The Buddhist teaching of impermanence asserts that all of conditioned existence is “transient, evanescent, inconstant.” That is, nothing lasts; all that exists is impermanent. This teaching offers a perspective from which to understand change and a guiding principle for how we can respond. It teaches that nothing can be grasped or held onto; that there is nothing to gain but suffering when we fight the inevitability of change.
This may initially strike us as sad or difficult to accept: how can we simply let go of the security of things we have worked for, the people and things we love? But we needn’t view it negatively. In fact, accepting this teaching is quite liberating. Acknowledging the transience of all things actually makes life all the more poignant. It makes the things we have and love more precious, as we know they won’t last.
Furthermore, the inevitable loss of what we love becomes not just sad, but also beautiful. Beautiful because we appreciate the fleeting, lovely gifts we have been given in this life. Like the brief but vibrant blossoming of a magnolia or chokecherry tree in spring, we anticipate and then pause to enjoy the beauty and fragrance each year. We accept this evanescent pleasure without trying to alter the course of nature. With intention, we can bring this same spirit to the other changes in our lives.

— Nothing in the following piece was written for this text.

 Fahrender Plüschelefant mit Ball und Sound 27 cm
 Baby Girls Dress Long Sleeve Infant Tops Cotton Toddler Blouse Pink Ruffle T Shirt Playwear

In sum, the teaching of impermanence can help us appreciate life just as it is. We learn not to fight against the tide, but to surf the wave of change, with openness to the unknown of what’s next. Theoretically, to achieve total openness is to live in the flow of the universe, and to know complete freedom from suffering.
Although total openness is an aspirational (rather than practical) goal, building a mindset of openness confers a variety of benefits. For example, people high in the trait of openness possess strong adaptive problem-solving strategies, higher than average levels of well-being, and more positive, loving relationships. Though research suggests personality traits are relatively stable, at least some personality characteristics can be changed with intervention. Therefore, it may be possible to cultivate openness and use the wisdom of impermanence to suffer less and live more fully in the face of change. To begin this process, give the following strategies a try:
1. Switch up your routine. Train yourself to adapt more readily to change by inviting changes into your life. For example, take a new route to work, take a class, travel, get to know a new person, or try a new cuisine.
2. Give thanks for gifts that came in unwelcome packages. Pause and think through some of the unexpected and unwelcome twists on your life’s path and how they turned out to be blessings in the end. For example, maybe you would not have met your partner had your heart not been broken by someone else. Offer appreciation for these unexpected gifts.
3. Cultivate curiosity by living in the grey area. Anytime you assess a situation as black/white or right/wrong, challenge yourself to acknowledge the nuance and the grey area. Notice the habit of making automatic judgments and try instead to contemplate the more complicated, messy reality of life by being curious and open to new ideas and perspectives. For example, try to “walk in the shoes” of someone with whom you have conflict, recognizing that his/her behavior and feelings have reason based in his/her perspective of the world.
4. Meditate on impermanence. For example, you can meditate on the inevitability of death. While this may sound morbid, the practice is widespread among Buddhists and can be quite freeing. The truth is that we all will die. Accepting that reality reduces fear and enables us to live more fully and with greater appreciation for life.